M. le ministre de la justice (M. d’Anethan). - Je dois déclarer, messieurs, que
je ne puis me rallier à la suppression, proposée par la section centrale, de la
disposition relative à la surveillance de la police. J'ai de plus proposé une
disposition additionnelle qui permet de prononcer cette surveillance ainsi
qu'une amende et l'interdiction des droits mentionnés à l'article 42, contre
les personnes coupables d'un des délits prévus par l'article 3 du décret du 20
juillet 1831, au moins par la partie non abrogée de cet article. Je pense,
messieurs, pouvoir, en peu de mots, justifier cette addition que je propose à
l'article en discussion.
Il a été dit à la section centrale qu'il était extraordinaire de
comminer des peines plus sévères contre les offenses envers la personne royale
que contre les attaques à l'autorité constitutionnelle du Roi ou à celle des
chambres. Des membres de la section centrale ont répondu qu'il pouvait résulter
de cette observation la nécessité de mettre sur la même ligne les peines pour
ces deux espèces de délits ; c'est ce que j'ai fait par mon amendement.
Je pense que ces dispositions se justifient facilement par la nature des
faits que ces dispositions sont destinées à réprimer et à punir.
La surveillance de la police, telle qu'elle est organisée par la loi de
1830, donne un seul droit, celui d'interdire le séjour de telle localité à
l'individu placé sous cette surveillance.
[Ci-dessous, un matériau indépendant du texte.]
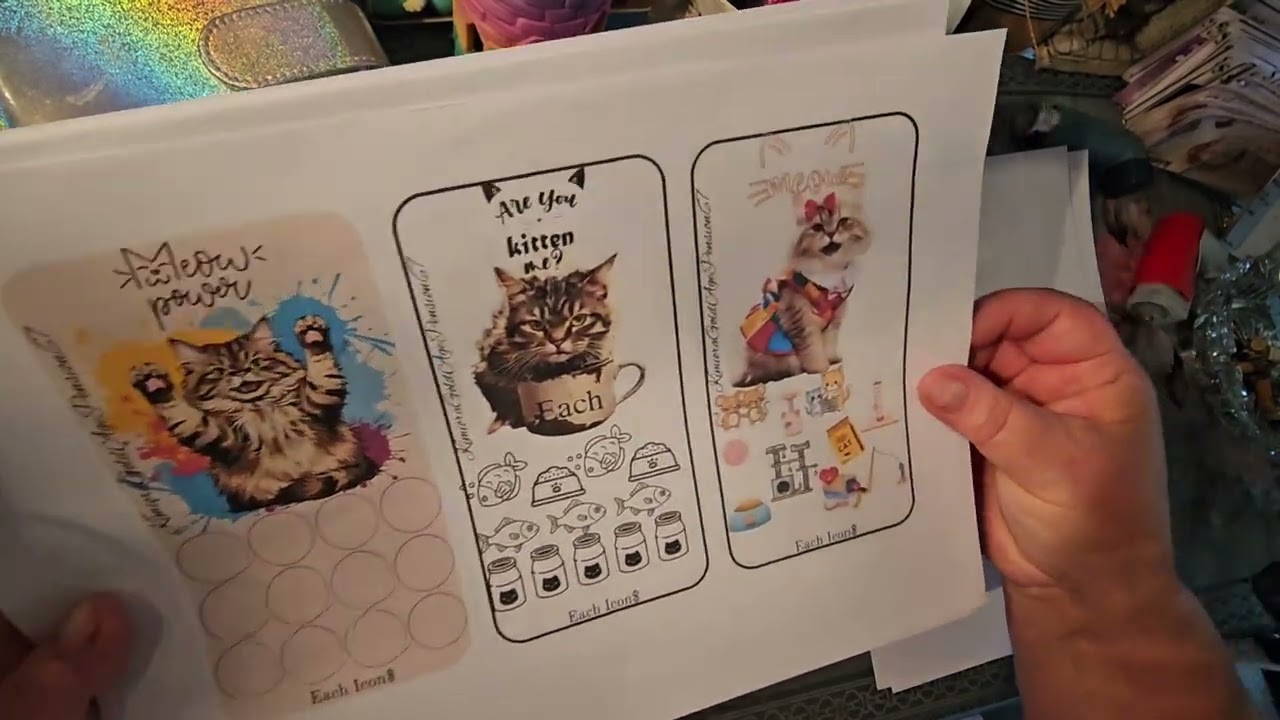 Travel into $250 sinking fund/Happy mail @pookiebearbudgets shout out 💖🫶🫶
Ainsi, on ne peut pas assigner à cet
individu telle ou telle localité comme habitation, mais on peut lui interdire
d'habiter un lieu déterminé, le lieu, par exemple, où se trouve la personne
qu'il aura offensée.
Si des individus se permettent des offenses
graves soit envers le Roi, soit envers les chambres, il est naturel que la loi
donne aux tribunaux le droit d'interdire à ces individus le séjour de la
localité où se trouve le Roi, et où s'exerce l'autorité des chambres ; alors
que la loi de 1831 accorde la faculté de prononcer la surveillance de la police
pour les délits d'une moindre importance, il serait extraordinaire de ne pas
l'accorder pour des délits aussi graves que ceux qu'il s'agit de punir..
D'ailleurs, cette surveillance, à appliquer comme elle s'applique maintenant,
trouve sa justification dans le Code pénal lui-même.
Lorsqu'un individu a insulté un magistrat, un fonctionnaire public, il
peut, aux termes de l'art. 229 du code pénal, être condamné à s'éloigner du
lieu où siège ce magistral ; trouverait-on extraordinaire d'appliquer cette
disposition au délit d'offense envers la personne du Roi, envers les chambres ?
Ces courtes observations me paraissent justifier suffisamment la
proposition primitive du gouvernement, que je crois devoir maintenir.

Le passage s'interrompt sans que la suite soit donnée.